Why It Doesn't Hurt Uber
Uber has logged over two billion trips in 66 countries and over 450 cities. The information they've collected helps them set their surge prices, but it's even more appealing to the individual city governments, which have tried to get at the data in the past: New York City's Taxi and Limousine Commission gets monthly reports and Seattle recently attempted a public records request.
Uber's move here proves that the company wants to release the data on their terms. It's possible that Uber sees a future in which they would have to offer up the data anyway, and they simply want to get ahead of it. That would explain the change of heart: Uber fought both of the above instances of cities attempting to get data.
Why It Helps Uber
The well-designed data dump doesn't appear to immediately benefit the company, but it comes with one big, if quantifiable, upside. The website makes Uber appear to care about urban development and city planning.

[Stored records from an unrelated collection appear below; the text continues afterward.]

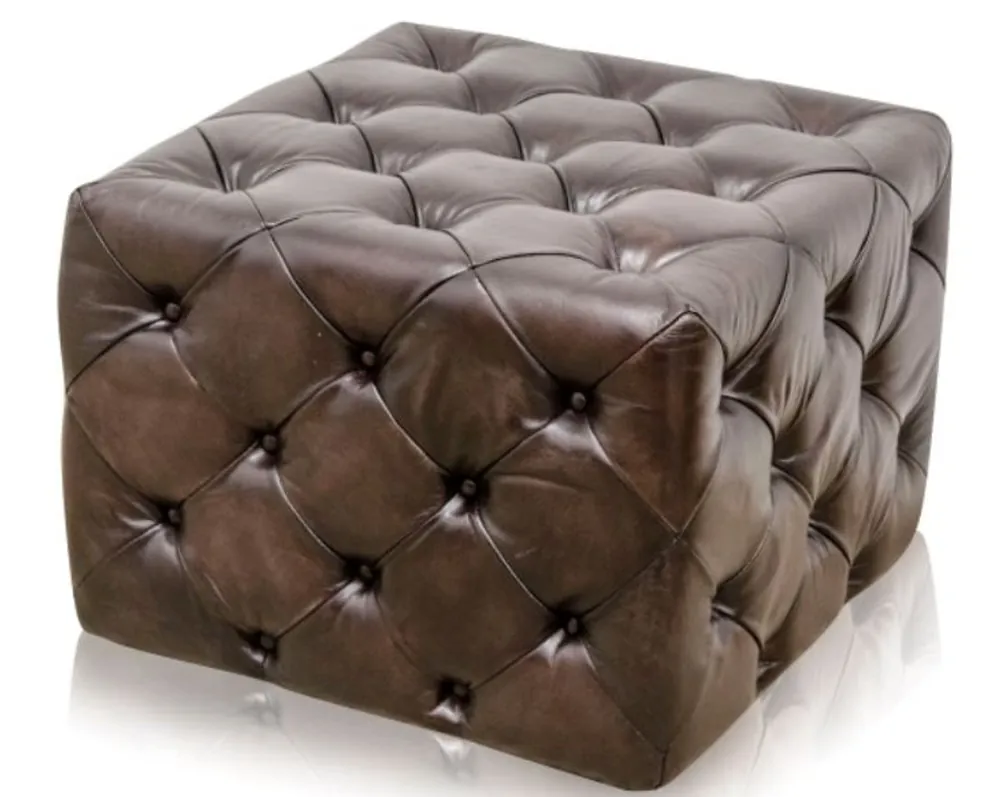 Casa Padrino reposapiés de cuero genuino de lujo yeso rojo 64 x 64 x H. 46 cm - Muebles Chesterfield Nur Für Kurze Zeit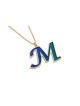 Pendentif émaillé en or 14K coloré initial, colliers de noms colorés,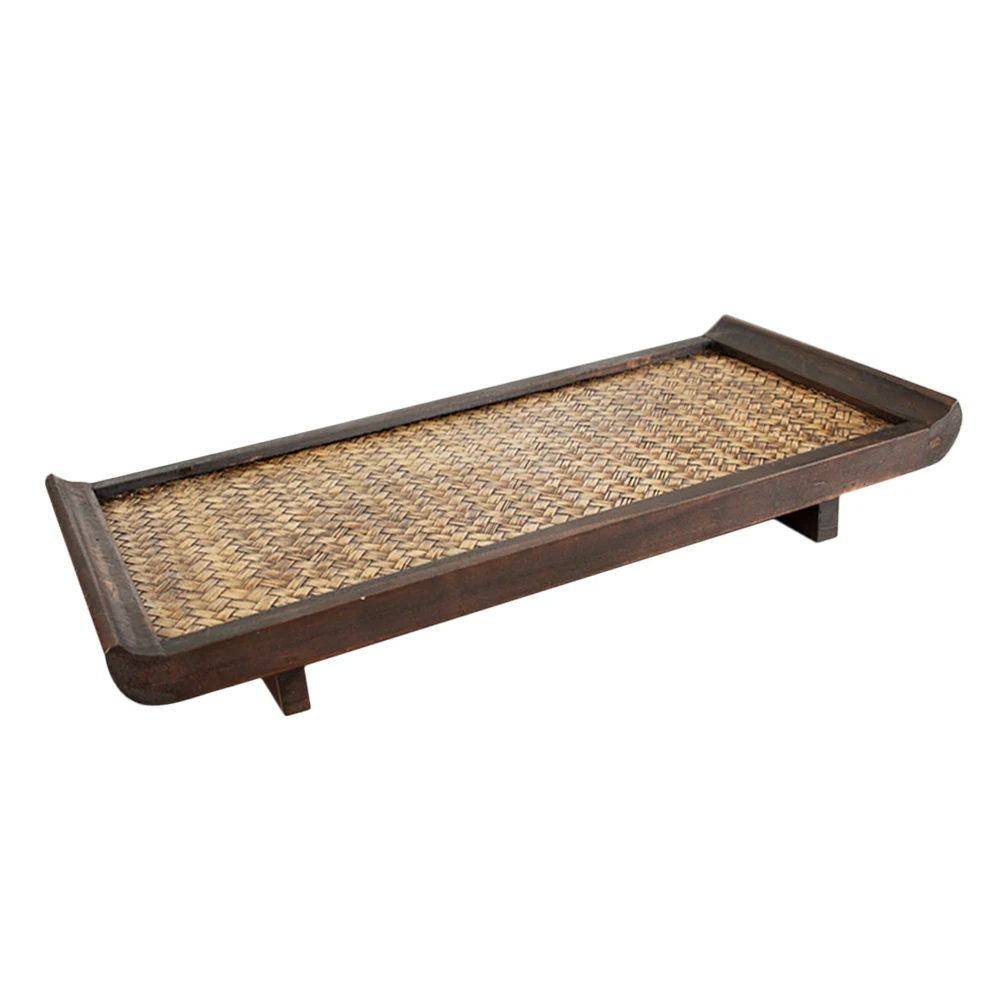 

Wooden Rattan Rectangular Tea Serving Platter Bread Snack Coffee Food Tea Tray Fruit Bread Dish Dessert Tray Restaurant-serving
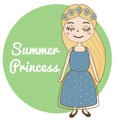 Hand drawn girl with long blonde hair and forget-me-not flowers wreath. Beautiful kid in blue summer dress. Cute female character. Royalty Free Stock Photo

After all, city planners are the ones who will benefit, as this chunk of analysis from The Hindu makes clear:
“Now, when city infrastructure planners sit down to decide whether to introduce a new lane, or build a stop-sign, or permit the construction of an office complex — within a Traffic Analysis Zone — they will have access to useful information about how it might affect the movement of traffic in the pertinent area, thanks to Uber's GPS-extracted information.”
Uber explicitly mentions city planners in the post announcing their site:
“From Sydney to Summit, we’ve been working hard to get to know these cities, with the goal of making them cleaner, more efficient and less crowded. Along the way, we’ve found that local leaders, urban planners, and civic communities are all working to crack their city’s commute and figure out how best to invest in new infrastructure.
That’s why we’re introducing Movement: a website that uses Uber’s data to help urban planners make informed decisions about our cities.”
Not coincidentally, Uber needs to boost its image among the cities it operates within, having weathered years of side-eye and law suits for its background checks, unauthorized operations and sometimes steep fee policies. Past PR fixes haven't worked as well as Uber would have liked, so released tangible data that can genuinely help the cities that Uber relies upon certainly appears to be a step in the right direction.